Macedonia (South Serbia)
 

A Convent Somewhere below the Skopska Tserna Gora

IT is said that many have been cured of madness by drinking of the spring in the orchard of this convent, and I do not doubt it, for this is a very pleasant place, and I fancy that in Macedonia, as in the rest of the world, the mad are usually those who have been surfeited with the unpleasant. We met the fat old Abbess in the poplar avenue, and she said, "I am so glad that you have come back to see us again," and there was written in her eye, "now that I have a rare, an inestimable, and sacred treasure to show you, far more precious than any icon or holy spring," for she was infatuated with the child she led by the hand. She took us up into her parlour and a nun was sent to bring us brandy and sugar and water, and she explained how she came to have this unique treasure in her possession. The child's mother was a French schoolmistress at Bitolj, and had sent her there to make a good convalescence after scarlet fever and diphtheria, a story which explained much that had been puzzling, for indeed this was the plainest little girl one could well imagine, a spindly little girl, an Indian-famine little girl.

"You must recite, my dear," said the Abbess, "you must recite to the foreigners and the gentleman from Belgrade." She could not bear us to go home without seeing the prettiest thing we should ever see.

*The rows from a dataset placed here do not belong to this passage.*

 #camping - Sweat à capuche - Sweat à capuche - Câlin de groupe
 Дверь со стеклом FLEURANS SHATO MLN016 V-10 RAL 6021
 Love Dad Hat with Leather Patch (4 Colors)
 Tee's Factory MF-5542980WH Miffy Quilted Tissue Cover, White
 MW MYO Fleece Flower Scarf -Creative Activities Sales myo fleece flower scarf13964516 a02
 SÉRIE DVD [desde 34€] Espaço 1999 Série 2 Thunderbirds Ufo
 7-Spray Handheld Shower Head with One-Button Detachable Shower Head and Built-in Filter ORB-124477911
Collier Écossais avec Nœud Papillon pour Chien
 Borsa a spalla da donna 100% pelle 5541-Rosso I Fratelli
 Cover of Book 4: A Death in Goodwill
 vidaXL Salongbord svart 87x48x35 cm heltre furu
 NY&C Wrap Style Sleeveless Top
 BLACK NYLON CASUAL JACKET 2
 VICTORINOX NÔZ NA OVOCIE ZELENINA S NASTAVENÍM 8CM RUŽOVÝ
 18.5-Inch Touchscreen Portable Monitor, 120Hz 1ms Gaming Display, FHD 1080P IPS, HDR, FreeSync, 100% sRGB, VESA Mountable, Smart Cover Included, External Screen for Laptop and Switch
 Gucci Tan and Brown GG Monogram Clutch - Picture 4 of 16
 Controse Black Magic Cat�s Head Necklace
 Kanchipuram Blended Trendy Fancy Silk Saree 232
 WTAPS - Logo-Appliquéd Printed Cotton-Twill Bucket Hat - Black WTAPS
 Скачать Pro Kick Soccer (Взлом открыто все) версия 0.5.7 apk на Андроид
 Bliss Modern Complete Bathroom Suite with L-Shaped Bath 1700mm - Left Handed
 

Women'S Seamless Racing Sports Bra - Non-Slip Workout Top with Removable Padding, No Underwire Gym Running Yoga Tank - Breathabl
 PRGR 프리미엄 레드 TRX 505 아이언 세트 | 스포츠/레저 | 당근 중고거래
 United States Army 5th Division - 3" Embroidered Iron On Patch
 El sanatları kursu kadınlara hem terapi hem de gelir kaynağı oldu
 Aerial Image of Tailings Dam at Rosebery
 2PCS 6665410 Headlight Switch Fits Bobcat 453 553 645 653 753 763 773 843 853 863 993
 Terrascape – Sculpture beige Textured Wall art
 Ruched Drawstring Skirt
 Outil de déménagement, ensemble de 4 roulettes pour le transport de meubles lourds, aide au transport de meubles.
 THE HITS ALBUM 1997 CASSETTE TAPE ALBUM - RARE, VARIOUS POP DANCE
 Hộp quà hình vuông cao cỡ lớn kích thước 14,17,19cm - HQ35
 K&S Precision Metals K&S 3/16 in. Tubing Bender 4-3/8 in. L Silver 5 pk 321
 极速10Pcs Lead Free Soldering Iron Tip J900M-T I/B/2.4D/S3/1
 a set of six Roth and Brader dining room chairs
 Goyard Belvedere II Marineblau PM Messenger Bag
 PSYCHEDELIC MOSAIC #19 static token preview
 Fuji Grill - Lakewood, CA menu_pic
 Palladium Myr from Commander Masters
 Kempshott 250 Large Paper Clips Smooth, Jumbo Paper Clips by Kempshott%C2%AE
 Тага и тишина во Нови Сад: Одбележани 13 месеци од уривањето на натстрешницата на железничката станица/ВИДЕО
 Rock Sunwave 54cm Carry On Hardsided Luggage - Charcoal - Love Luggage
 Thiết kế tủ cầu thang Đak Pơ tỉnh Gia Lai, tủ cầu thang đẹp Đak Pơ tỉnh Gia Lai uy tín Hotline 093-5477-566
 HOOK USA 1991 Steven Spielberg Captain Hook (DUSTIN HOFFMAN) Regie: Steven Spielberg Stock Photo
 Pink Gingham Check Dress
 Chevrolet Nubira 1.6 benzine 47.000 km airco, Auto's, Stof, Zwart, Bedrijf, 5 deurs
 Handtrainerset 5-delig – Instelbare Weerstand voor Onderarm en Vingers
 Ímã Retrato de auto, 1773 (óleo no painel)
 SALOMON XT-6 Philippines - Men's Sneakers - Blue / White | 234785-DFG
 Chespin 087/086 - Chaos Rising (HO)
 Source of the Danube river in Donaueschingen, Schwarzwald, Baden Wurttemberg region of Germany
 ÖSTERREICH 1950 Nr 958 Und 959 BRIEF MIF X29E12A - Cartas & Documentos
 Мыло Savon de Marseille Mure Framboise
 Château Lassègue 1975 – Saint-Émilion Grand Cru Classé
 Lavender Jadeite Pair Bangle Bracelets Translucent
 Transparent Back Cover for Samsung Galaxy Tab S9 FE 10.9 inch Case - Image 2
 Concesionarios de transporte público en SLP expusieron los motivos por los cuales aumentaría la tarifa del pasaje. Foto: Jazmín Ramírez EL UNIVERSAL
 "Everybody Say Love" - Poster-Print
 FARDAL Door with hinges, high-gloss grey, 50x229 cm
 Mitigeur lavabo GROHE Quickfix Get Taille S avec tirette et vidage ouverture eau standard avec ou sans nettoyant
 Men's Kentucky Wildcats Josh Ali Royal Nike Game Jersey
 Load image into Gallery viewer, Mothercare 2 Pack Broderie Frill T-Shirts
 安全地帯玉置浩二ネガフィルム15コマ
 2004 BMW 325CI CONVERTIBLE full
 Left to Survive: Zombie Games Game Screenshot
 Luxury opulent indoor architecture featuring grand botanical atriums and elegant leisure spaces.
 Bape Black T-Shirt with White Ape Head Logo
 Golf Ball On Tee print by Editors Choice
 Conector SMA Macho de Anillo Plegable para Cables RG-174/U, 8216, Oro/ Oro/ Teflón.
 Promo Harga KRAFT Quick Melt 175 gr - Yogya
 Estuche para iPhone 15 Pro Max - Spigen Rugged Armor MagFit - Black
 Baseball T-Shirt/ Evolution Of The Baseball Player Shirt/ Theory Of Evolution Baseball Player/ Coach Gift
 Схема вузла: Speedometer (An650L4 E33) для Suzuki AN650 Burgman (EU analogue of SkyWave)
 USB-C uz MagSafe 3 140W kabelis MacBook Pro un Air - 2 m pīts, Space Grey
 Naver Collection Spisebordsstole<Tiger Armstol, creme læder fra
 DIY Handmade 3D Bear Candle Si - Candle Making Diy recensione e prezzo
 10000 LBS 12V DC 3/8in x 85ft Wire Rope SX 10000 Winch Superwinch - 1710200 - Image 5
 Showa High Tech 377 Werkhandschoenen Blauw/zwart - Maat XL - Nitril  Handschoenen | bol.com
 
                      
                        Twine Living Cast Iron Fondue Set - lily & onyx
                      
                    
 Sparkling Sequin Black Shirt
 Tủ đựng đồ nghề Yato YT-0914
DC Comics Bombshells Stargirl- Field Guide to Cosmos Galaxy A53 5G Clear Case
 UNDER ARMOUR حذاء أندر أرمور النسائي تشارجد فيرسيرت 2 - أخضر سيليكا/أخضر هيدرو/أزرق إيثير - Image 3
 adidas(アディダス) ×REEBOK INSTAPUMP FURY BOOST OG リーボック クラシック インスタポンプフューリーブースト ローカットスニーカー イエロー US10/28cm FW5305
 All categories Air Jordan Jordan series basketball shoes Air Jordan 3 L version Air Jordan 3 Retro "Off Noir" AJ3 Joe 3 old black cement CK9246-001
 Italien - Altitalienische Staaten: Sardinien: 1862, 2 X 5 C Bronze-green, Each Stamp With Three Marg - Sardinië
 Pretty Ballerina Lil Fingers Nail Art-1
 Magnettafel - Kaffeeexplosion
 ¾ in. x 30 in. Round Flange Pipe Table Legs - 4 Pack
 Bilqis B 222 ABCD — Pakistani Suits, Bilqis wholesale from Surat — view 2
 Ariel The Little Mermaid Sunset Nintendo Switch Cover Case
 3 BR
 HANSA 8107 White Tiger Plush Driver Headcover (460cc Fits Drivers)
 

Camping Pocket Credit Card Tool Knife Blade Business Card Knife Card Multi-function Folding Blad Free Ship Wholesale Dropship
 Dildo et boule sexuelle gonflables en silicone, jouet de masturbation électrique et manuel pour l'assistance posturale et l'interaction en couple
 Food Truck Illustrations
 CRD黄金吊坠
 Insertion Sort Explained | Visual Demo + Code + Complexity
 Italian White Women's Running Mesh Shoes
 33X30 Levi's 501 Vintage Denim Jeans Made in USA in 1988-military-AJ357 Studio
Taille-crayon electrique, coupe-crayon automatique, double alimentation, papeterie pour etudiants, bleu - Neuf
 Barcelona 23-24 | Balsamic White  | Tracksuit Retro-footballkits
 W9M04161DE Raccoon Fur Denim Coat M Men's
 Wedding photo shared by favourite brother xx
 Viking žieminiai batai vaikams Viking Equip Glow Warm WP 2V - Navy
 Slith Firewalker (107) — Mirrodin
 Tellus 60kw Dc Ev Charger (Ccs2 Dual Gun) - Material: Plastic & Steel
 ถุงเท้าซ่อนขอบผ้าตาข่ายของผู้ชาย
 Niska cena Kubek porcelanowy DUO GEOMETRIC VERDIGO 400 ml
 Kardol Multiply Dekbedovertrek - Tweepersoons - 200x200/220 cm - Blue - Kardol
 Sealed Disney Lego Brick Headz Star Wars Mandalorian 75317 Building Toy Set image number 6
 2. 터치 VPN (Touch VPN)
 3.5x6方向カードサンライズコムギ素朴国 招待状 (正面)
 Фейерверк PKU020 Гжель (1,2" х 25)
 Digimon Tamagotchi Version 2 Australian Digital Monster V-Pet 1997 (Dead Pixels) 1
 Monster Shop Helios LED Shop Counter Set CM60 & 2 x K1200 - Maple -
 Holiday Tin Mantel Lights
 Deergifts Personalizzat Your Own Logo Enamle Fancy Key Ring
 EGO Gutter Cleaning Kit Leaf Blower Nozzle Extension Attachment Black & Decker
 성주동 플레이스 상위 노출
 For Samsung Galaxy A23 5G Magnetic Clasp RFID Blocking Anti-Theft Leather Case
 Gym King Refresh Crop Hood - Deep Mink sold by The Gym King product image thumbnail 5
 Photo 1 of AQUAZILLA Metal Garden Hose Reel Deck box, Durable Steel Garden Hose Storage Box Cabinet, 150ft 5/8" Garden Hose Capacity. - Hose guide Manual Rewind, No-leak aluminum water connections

So after the child had stood on one leg and then on the other, and had pleated the edge of her petticoat till she was told she should not, she repeated a Serbian hymn and sang a French song all about les peurs and la nature, in the classic treble of the infant French voice, in the voice that Renh Clair gave to the morning glories in A Nous la Liberte. When she had finished she stood on the point of her sharp little nose in the immense slopes of the Abbess's bosom.

By now the young nun had come back with the brandy and the sugar and water, and she stood with her arms akimbo and her chin forward, adoring the child. "Who is that bishop with the very fine head?" said my husband as he drank, nodding at a photograph on the wall. I had asked the very same question when I was here for the first time the year before, and she had looked at the photograph and had said, "He is the Metropolitan who received me into the Church, he was burned alive by the Bulgarians," and her eyes had darkened. She had talked of the dead man for a long time. This time she said the same words, but her eyes did not darken, they went back to the child at once, and she said, "We have been here twenty-six years, never have we had a child here before, it is such a joy as I could not have believed." Perhaps the cock crowed, but it was in Paradise.